For roll backing a transaction undo segments helps in achieving it. As undo segment holds the new and old value of a data change transaction.
Note:
Commit does not mean that, server process to immediately perform post or data change to disk from memory (buffered cache). This is the functionality or part of back ground process (DBW0). So what commit statement do?
1) Release table/row locks acquired by transaction
As discussed earlier that when a DML statement is executed by user , there are several steps one among which is to acquire lock on the row/table to avoid another user doing the same.
So those locks are released, as another user can go ahead to perform data changes on the same row/table.
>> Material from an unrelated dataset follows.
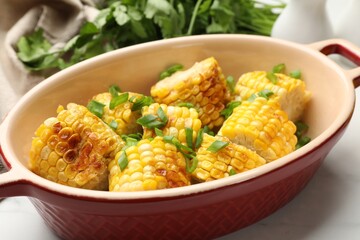 Pieces of grilled corn cobs with green onions on white table, closeup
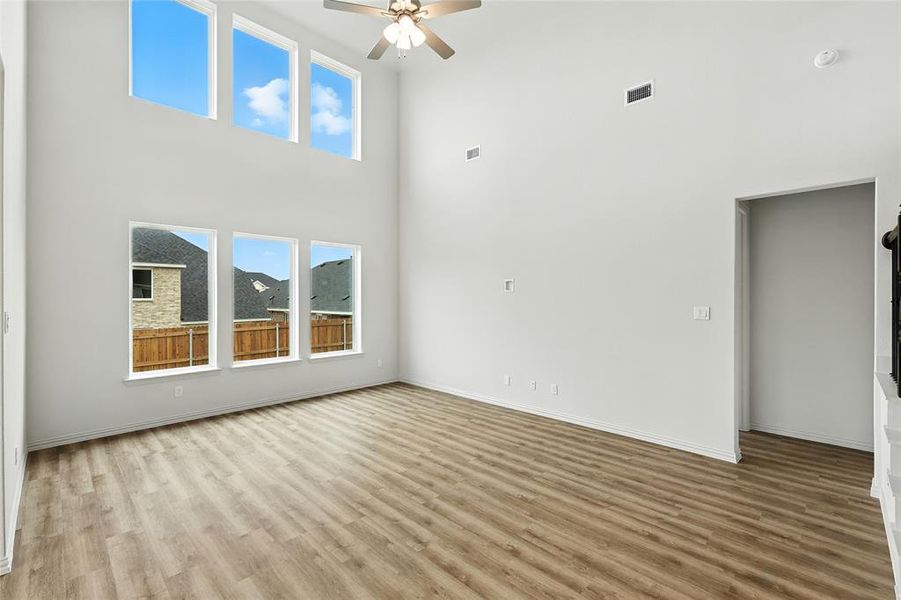 Empty room featuring a high ceiling, light wood-style flooring, and ceiling fan Empty room featuring a high ceiling, light wood-style flooring, and ceiling fan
2) Release UNDO segment locks acquired by transaction
As updated, a lock is said to be acquired on the UNDO segment when user executes a DML statement. Such lock is set be released when transaction is completed. So the space acquired by this old values are new values for data change are said to be released which can be used by another transaction.
Oracle does not clean the information from UNDO segment when a transaction is completed instead it is over written by another transaction that performs DML.
3) Generate redo information for committed transaction
Once a transaction is committed, redo log entry is generated by the user process stating that all the data changes made by this transaction are committed or finalized.
This also results in flushing the content of redo log buffer into redo log files for both committed and roll back as well.